How does it feel to have transsexualism?

Below are comments and experiences of males affected by transsexualism. Michael—Victoria, 2002
“I can remember as far back as the age of five assuming that when I grew up I would be a man. It never occured to me that I might be a girl.”

Billy—USA, 2006
“For many people who consider themselves not necessarily transgender – but transsexual – there is a destination. It’s not about the journey or any kind of gender-play or drag. It’s about changing your entire life. I think a lot of people don’t understand that for many of us the idea is not to end up identifying as transsexual”

Lee Mun-gi—China, 2004
“I felt humiliated having to wear a girl’s school uniform. I’ve never felt like a girl. It was like living as a ghost. Since it looked like high school was going to be more of the same, I quit school…I’ve never lived life as a transsexual. I’ve always lived my life naturally as a man. So I don’t really know well the transsexual life.”

Stewart—Victoria, 2005
“The most important point for me is for folks to understand that I am a man, have always been a man and will always be a man, regardless of my previous physicality. That I have NOT “become” a man after having been a “woman”.”

James Green—USA, 1995
“I’ve had gender confirmation surgery. The term “gender dysphoria” was never true for me. I was always comfortable with my male gender identity. It was my sex, my female body, that created the dysphoria…We do not change our gender; we change our sex in order to facilitate the full expression of our selves. Our gender opposes our sex, and it is the physical sex which causes the dysphoria and which we want to change.”

Andrew— NSW, 2003
“I am a man who was assigned to the gender called ‘female’ at my birth. Since society assumes that gender and sex always match, the doctor who looked at my genitals instead of my mind, assumed incorrectly I was a girl. Throughout my childhood I knew perfectly well that I was really a boy but because my body seemed to insist otherwise…I regard myself as a perfectly normal, well-adjusted man.”

Cameron—NSW, 2002
“I regard transsexualism as a medical condition like any other and transition as a rehabilitative process…one does not spend all their life transitioning. I also believe that when one transitions it is more about a transitioning of public genders than anything else. That transitioning is about the rest of the world realising the truth of who I am and the recognition that comes with this. I have always known myself to be nothing but male despite the fact that a medical professional pronounced to my parents that I was a girl, based on a glance at my genitalia.”

Marcus Arana—USA, 2006
“We don’t want to be separated out from other men and women. My gender identity is not about being transgender; it’s about being male.”

Tracey—USA, 1970
“”I’m not a woman — that’s the whole point. I’m a man. Inside myself I’m a man and as a man it’s a horror for me to have breasts. They’re constant reminders that nature made a dreadful mistake in putting me together. I have to get rid of all the woman in me, and surgery is the only way.”

Mark—NSW, 1990
“When I go to the beach the top of me looks male and bottom half doesn’t. It might take three operations, it might take five. I’ve been through a lot of pain and there’s more to come. But in the long run, I’ll be what I always should have been.”
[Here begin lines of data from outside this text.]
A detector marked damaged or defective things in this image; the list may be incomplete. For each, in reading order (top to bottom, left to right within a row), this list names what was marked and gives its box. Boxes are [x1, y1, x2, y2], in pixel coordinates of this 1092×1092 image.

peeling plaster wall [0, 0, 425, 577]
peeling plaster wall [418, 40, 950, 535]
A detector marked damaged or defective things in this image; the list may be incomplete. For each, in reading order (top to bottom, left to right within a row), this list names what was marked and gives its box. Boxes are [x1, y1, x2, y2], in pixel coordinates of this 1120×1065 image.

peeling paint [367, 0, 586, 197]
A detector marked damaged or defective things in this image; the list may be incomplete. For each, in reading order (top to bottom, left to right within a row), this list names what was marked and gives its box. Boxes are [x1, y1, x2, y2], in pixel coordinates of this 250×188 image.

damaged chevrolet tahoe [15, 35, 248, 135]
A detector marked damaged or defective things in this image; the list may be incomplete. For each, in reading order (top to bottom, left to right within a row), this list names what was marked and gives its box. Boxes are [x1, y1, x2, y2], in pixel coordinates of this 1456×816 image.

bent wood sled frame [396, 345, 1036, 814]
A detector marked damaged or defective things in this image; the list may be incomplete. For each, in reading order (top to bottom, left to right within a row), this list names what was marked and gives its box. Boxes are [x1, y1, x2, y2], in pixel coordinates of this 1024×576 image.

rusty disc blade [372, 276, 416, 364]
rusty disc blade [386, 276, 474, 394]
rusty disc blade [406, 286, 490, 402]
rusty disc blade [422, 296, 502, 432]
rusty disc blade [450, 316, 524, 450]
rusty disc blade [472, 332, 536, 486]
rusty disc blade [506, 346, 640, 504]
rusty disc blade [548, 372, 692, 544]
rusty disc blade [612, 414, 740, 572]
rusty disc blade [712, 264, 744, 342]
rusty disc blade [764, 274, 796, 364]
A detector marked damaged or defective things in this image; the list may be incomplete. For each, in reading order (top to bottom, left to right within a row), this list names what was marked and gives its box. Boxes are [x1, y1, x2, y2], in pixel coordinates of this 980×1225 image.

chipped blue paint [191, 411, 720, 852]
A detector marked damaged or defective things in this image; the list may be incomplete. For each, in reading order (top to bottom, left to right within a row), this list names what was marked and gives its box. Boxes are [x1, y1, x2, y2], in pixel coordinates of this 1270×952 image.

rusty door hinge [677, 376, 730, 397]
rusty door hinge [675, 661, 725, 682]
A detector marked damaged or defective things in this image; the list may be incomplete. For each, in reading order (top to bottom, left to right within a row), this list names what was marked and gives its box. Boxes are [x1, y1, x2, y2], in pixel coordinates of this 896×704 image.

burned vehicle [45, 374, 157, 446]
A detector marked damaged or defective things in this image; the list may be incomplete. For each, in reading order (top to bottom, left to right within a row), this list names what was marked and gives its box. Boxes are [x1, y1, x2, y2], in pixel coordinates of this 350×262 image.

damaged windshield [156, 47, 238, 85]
Elizabeth talking about her husband—NSW, 2002
“…my husband has not wavered from the very first conversation we ever had about transsexualism. He was very sincere and extremely clear. He told me about a little boy with a girl’s name who was misunderstood, lonely and unhappy…It seemed simple and obvious to me that he was a man living with a fairly rare medical condition.”

Dylan—NSW, 2001
“I was taught to be a young woman. This was to be a lonely time for my true self. I dived into a fantasy world where I was a boy freely being a boy – such a simple dream but so far to reach. I imagined a mirror with me standing in front of it as a man. Making plans for my career, my life as a man. I found peace in myself whenever I imagined this.”

Paul—UK, 1995
“My book was written as tribute to the little boy Paul whom I abandoned all those years ago when I made the unconscious decision to conform in a society defined by rigid rules and shallow stereotypes. This little boy has suffered in silence for far too long, and now he is reborn a man.”